Installing SlabHeat™.
The spacing of the SlabHeat cable will help determine how much heated area can be covered by a single SlabHeat coil. SlabHeat can be installed on either 4” (15 W/sf) or 6” (10 W/sf) centers, depending on the amount of heat required for the area. A heat loss calculation is required to know which spacing is right for the project. If the SlabHeat system is to be used for floor warming only, installing the cable at 6” on center is sufficient.
Another consideration to take into account when designing a SlabHeat system is to know the available amperage. A 120 VAC system will pull twice the amps as a 240 VAC system. If amp capacity is a factor, it may be better designing for 240 VAC. Make sure the voltage supplied matches the voltage requirement of the SlabHeat cable. Failure to do so may result in either an over-heating or under-heating condition.
SlabHeat can be installed in either a new slab pour or over an existing slab with a concrete cap. For new concrete pours, just zip-tie the cable to the rewire/rebar and elevate to the middle of the slab. If installing over an existing slab, it will be necessary to install CableStrap™ to hold the SlabHeat cable in place.
When finished the only visible part to the system is the wall mounted SunStat thermostat.

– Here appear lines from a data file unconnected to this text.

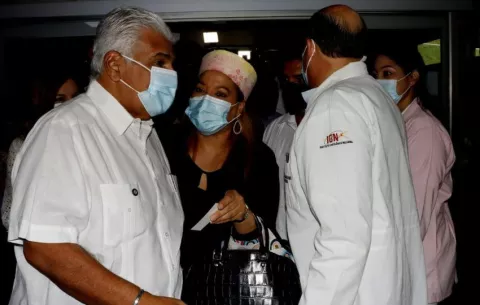 Mulino visita el ION y reafirma compromiso con los pacientes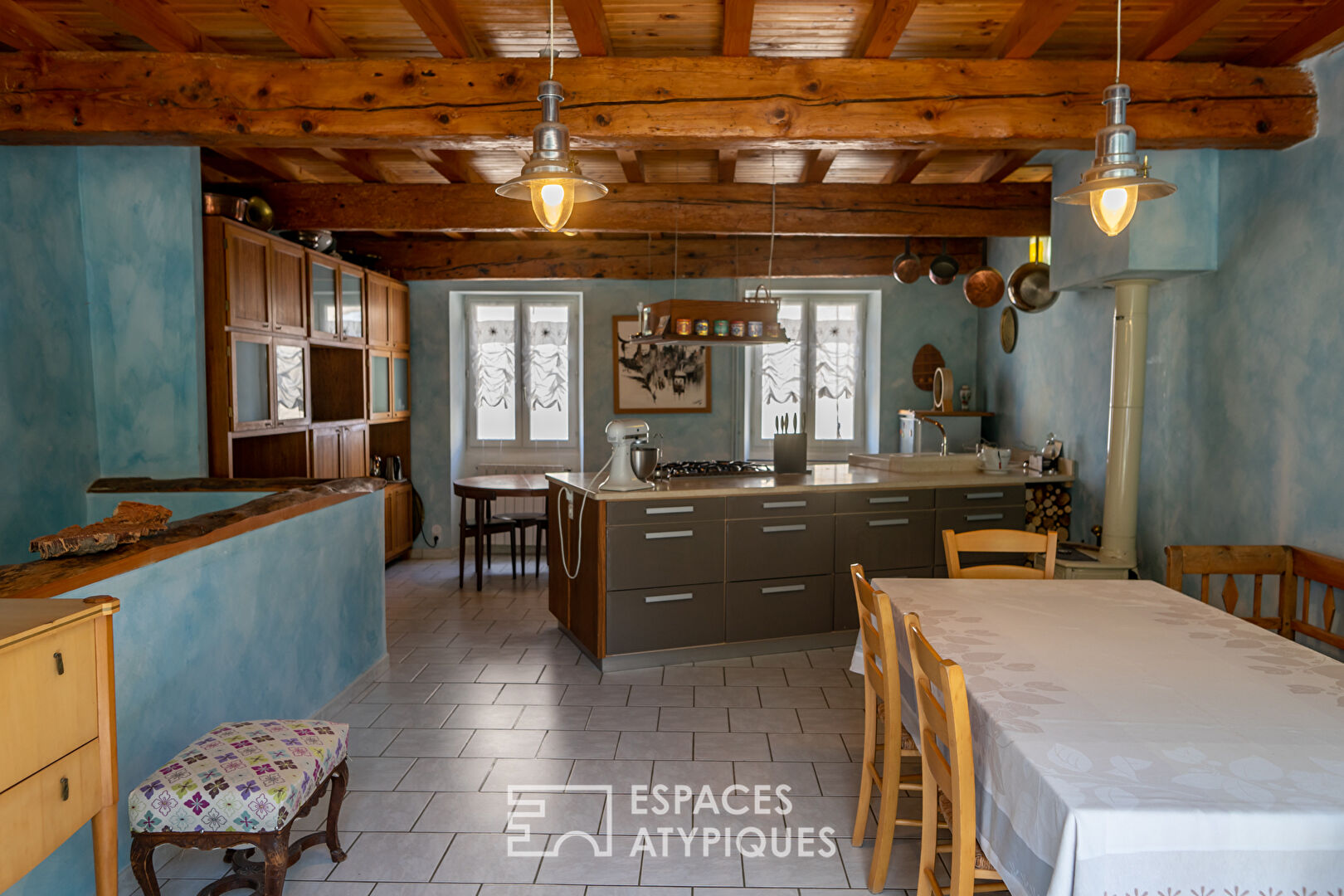 En Drôme, une discrète et surprenante maison de village.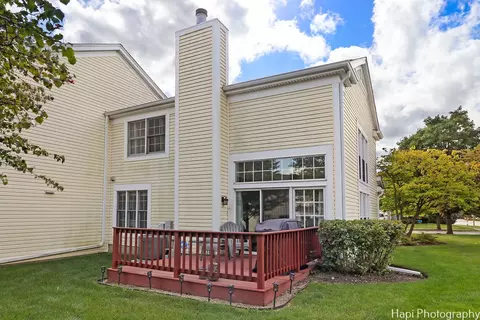 Exterior - 4800 Turnberry Dr, Hoffman Estates, IL 60010 photo 3 of 5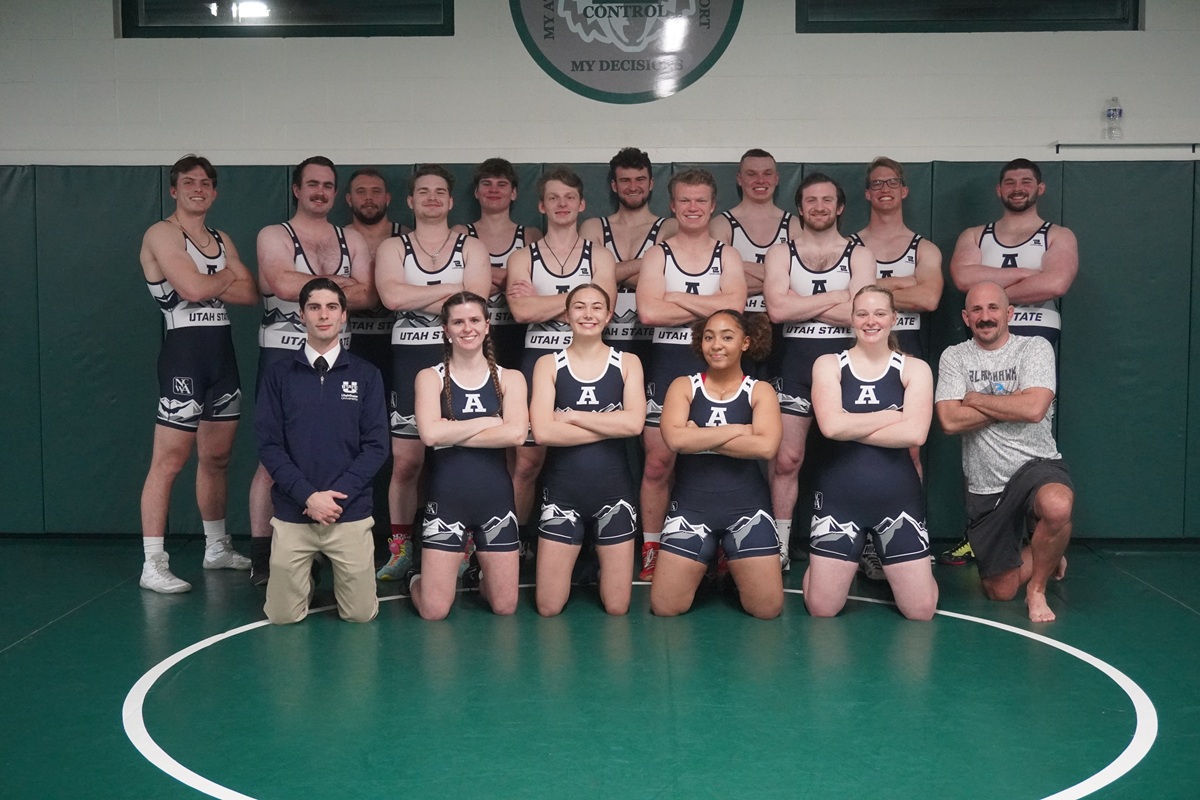 2025-26 wrestling team picture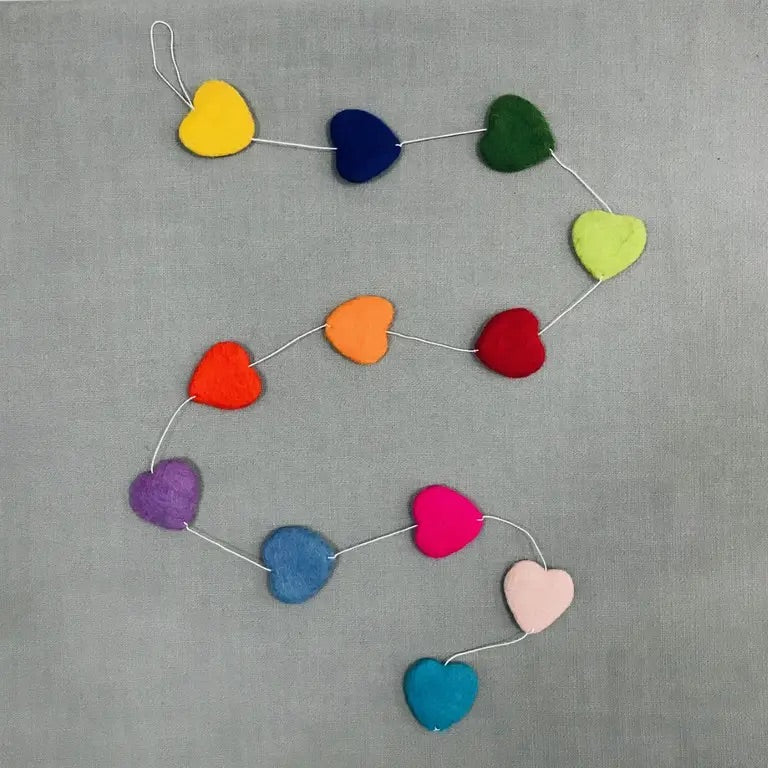 Felt Garland Hearts - The Winding Road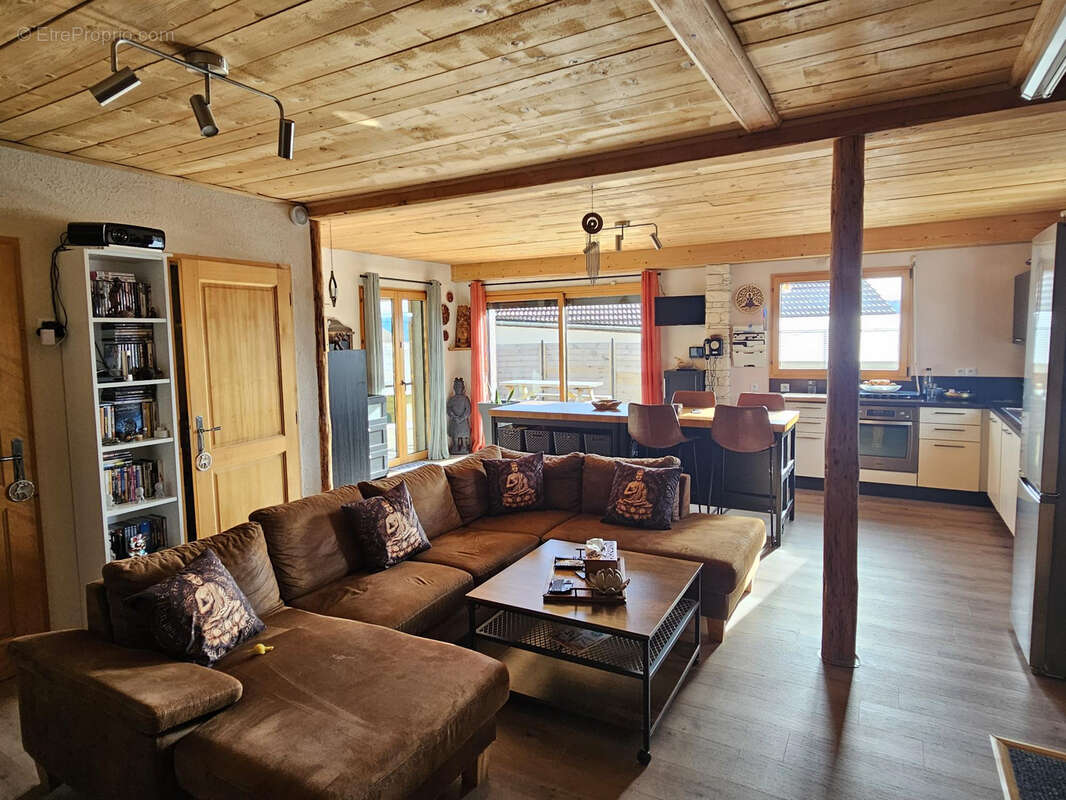 Maison à ORCHAMPS-VENNES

A nice feature of the SlabHeat system is there is no annual maintenance required. Hydronic systems can require periodic cycling of the circulators to prevent the impellers from locking up during periods of non-use. Hydronic systems may also require fluid testing, treatment, and periodic system purges. SlabHeat systems are simple and easy.
Selecting the right product for the application is a breeze with SlabHeat. Since there are fewer parts needed to run a system, just thecable and control, ordering is easier than with a hydronic system. Just make sure to purchase the correct voltage, either 120 VAC or 240 VAC, and the correct number of thermostats or relays.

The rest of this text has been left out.